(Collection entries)

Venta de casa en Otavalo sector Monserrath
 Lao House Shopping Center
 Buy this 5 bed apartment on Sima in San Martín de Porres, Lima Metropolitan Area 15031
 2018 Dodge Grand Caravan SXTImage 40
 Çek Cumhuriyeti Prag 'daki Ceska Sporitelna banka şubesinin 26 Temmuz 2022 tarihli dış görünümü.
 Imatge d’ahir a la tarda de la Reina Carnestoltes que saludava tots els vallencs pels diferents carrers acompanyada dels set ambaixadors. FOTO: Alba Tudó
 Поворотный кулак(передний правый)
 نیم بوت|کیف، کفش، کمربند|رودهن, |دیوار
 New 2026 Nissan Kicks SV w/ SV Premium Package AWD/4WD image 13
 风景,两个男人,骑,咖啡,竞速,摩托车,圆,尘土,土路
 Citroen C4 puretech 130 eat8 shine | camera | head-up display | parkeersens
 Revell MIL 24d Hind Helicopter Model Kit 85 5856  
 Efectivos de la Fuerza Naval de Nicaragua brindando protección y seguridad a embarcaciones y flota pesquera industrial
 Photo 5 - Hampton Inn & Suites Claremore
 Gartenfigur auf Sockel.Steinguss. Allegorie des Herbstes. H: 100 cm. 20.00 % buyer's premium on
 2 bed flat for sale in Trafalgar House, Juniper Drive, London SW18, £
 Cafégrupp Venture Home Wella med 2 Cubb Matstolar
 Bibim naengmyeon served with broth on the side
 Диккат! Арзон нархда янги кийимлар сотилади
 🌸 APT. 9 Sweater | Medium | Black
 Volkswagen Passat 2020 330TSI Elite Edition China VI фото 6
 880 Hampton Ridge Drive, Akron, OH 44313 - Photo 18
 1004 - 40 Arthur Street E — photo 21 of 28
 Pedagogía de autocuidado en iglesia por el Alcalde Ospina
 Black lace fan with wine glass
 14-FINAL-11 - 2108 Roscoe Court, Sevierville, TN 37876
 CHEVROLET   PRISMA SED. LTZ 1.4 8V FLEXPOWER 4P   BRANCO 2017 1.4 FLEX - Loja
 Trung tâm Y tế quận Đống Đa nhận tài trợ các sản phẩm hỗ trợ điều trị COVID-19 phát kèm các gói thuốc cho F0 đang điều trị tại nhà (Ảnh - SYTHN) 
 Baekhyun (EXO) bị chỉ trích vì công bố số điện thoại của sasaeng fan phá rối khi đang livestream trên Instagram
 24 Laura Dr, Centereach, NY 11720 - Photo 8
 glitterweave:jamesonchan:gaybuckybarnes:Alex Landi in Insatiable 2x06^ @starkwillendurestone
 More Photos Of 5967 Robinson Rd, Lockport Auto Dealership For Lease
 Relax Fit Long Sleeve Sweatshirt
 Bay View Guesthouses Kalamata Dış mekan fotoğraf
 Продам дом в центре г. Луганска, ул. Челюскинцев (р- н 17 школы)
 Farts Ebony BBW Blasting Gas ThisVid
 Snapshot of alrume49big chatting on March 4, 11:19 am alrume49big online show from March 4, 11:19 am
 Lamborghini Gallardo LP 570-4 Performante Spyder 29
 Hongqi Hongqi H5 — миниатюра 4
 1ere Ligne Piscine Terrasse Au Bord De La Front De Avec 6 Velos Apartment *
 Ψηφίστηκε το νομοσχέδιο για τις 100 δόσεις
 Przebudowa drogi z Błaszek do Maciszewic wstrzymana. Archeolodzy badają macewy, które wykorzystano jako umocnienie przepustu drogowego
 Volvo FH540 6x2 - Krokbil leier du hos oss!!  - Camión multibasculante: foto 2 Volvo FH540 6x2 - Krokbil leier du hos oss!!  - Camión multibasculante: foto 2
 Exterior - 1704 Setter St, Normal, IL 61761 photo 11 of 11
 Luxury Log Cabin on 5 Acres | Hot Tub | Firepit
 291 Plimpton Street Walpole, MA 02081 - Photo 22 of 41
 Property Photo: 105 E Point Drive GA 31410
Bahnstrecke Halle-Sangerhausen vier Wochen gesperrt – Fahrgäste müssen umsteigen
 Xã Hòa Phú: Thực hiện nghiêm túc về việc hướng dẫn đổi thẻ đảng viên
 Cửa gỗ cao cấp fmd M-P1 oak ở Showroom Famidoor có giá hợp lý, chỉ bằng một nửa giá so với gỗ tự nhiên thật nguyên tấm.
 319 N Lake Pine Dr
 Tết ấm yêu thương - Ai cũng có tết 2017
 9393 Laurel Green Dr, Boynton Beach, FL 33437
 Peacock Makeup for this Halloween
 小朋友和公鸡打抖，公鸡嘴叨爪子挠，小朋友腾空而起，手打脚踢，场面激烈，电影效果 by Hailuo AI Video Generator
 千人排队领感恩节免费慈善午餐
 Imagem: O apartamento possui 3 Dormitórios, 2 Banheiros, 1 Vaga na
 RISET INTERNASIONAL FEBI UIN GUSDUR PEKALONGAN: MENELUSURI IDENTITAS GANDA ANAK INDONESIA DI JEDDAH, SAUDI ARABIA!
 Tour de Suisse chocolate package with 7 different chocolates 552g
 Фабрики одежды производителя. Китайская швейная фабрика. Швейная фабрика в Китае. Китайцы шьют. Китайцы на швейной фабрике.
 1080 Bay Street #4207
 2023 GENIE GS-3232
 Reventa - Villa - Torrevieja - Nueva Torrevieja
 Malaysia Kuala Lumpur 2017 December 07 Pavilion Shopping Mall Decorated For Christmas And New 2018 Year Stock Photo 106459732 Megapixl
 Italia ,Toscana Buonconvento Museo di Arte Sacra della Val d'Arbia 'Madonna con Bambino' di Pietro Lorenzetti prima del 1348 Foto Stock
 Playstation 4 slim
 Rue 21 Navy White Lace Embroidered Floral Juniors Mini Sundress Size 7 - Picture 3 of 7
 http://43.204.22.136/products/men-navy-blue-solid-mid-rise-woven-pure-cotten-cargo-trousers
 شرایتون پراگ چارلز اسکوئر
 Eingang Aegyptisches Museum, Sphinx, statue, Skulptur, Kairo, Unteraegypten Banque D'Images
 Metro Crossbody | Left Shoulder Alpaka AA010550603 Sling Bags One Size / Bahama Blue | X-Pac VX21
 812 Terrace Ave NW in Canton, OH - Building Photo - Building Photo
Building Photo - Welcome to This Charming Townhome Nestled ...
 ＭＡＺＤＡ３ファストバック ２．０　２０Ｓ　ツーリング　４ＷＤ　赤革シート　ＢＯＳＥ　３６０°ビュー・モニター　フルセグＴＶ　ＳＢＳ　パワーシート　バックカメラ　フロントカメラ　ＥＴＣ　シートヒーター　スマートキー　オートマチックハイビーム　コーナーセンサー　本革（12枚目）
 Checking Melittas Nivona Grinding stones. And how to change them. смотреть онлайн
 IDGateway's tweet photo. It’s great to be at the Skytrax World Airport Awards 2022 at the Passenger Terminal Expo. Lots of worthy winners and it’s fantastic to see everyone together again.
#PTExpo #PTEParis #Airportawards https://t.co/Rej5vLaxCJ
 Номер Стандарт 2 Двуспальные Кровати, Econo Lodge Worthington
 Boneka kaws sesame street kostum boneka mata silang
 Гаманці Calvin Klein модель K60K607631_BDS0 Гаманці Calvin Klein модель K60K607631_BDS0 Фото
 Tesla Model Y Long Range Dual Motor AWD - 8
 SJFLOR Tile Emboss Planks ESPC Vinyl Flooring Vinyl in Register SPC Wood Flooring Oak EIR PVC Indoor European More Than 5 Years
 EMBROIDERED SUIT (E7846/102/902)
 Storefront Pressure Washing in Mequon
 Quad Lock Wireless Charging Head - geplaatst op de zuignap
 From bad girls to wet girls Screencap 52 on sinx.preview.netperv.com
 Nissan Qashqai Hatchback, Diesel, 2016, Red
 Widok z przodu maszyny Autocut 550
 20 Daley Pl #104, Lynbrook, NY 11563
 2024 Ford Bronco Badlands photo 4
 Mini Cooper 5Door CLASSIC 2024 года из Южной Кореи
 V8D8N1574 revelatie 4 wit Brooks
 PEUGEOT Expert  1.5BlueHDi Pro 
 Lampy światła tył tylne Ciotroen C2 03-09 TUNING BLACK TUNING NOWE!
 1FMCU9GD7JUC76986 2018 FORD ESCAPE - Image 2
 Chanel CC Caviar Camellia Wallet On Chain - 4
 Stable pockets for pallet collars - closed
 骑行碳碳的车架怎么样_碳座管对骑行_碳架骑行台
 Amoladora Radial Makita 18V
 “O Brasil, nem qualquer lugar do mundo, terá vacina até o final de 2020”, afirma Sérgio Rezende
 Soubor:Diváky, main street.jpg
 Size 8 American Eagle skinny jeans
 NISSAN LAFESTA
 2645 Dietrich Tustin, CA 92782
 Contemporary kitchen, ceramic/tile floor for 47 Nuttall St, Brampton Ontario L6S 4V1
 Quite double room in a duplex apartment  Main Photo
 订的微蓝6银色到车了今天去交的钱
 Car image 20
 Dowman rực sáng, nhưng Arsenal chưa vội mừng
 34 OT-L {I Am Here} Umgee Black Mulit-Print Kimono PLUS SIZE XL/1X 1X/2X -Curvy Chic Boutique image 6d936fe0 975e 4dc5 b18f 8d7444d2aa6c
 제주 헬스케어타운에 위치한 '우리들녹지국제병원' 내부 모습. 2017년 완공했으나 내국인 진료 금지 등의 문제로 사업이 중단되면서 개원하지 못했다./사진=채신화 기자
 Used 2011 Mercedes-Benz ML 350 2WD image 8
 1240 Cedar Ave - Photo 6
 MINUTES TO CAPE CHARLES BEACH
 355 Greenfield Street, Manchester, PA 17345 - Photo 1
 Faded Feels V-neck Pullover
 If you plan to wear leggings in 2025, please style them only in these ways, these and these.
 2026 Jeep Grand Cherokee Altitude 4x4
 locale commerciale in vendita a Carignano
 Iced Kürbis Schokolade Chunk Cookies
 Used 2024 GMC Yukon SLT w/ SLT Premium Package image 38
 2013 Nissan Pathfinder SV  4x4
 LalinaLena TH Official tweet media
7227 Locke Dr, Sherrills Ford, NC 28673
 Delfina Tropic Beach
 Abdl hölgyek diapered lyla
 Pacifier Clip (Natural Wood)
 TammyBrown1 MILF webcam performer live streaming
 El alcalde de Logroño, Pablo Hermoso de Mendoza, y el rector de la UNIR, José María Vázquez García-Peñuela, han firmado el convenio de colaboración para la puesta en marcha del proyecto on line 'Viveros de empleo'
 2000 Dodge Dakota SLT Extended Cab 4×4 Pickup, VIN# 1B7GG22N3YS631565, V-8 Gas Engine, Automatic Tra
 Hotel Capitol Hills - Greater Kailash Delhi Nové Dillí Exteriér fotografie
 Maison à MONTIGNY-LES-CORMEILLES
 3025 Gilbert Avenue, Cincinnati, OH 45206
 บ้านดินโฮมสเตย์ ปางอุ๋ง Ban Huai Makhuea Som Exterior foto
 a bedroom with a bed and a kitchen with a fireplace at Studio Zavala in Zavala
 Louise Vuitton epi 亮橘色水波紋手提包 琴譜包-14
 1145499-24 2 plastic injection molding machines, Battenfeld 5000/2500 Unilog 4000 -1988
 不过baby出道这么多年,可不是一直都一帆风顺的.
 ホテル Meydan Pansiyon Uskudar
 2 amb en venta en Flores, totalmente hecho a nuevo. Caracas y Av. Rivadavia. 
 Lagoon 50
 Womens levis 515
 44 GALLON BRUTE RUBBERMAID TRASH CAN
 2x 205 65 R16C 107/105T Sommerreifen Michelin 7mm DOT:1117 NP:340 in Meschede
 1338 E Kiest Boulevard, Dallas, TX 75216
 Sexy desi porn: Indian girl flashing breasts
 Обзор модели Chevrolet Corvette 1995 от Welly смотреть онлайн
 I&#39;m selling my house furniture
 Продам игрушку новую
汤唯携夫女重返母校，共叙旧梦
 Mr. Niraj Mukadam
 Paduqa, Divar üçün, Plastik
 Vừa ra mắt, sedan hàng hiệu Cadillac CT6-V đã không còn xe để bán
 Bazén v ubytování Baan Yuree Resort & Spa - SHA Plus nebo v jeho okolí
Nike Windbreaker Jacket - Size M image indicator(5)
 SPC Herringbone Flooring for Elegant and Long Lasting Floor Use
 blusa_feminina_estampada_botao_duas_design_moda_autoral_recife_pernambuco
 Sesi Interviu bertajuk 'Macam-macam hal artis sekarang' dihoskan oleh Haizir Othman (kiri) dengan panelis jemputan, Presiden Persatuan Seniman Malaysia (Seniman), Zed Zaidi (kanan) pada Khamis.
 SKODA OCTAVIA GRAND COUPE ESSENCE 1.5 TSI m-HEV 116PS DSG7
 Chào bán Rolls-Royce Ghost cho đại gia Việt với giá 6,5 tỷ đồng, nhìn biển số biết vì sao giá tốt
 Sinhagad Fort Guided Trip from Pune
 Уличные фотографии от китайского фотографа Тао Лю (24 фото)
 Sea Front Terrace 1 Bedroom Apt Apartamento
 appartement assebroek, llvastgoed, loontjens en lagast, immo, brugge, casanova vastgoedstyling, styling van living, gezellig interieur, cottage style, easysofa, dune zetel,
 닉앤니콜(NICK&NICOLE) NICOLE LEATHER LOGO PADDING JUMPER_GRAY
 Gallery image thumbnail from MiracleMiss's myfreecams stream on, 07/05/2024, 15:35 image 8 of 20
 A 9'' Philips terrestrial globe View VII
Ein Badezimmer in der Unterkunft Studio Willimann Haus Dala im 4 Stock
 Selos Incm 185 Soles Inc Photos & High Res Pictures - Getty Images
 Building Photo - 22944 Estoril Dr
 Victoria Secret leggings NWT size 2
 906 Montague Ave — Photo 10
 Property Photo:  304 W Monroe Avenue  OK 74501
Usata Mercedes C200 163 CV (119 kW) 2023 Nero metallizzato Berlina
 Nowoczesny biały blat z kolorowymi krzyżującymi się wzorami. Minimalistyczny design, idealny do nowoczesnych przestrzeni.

- [Exercise aim]: Reproduce the lines from the one containing "Victoria Secret leggings NWT size 2" to the end of the entries, keeping both ends and adding nothing.

- [Solution]:
 Victoria Secret leggings NWT size 2
 906 Montague Ave — Photo 10
 Property Photo:  304 W Monroe Avenue  OK 74501
Usata Mercedes C200 163 CV (119 kW) 2023 Nero metallizzato Berlina
 Nowoczesny biały blat z kolorowymi krzyżującymi się wzorami. Minimalistyczny design, idealny do nowoczesnych przestrzeni.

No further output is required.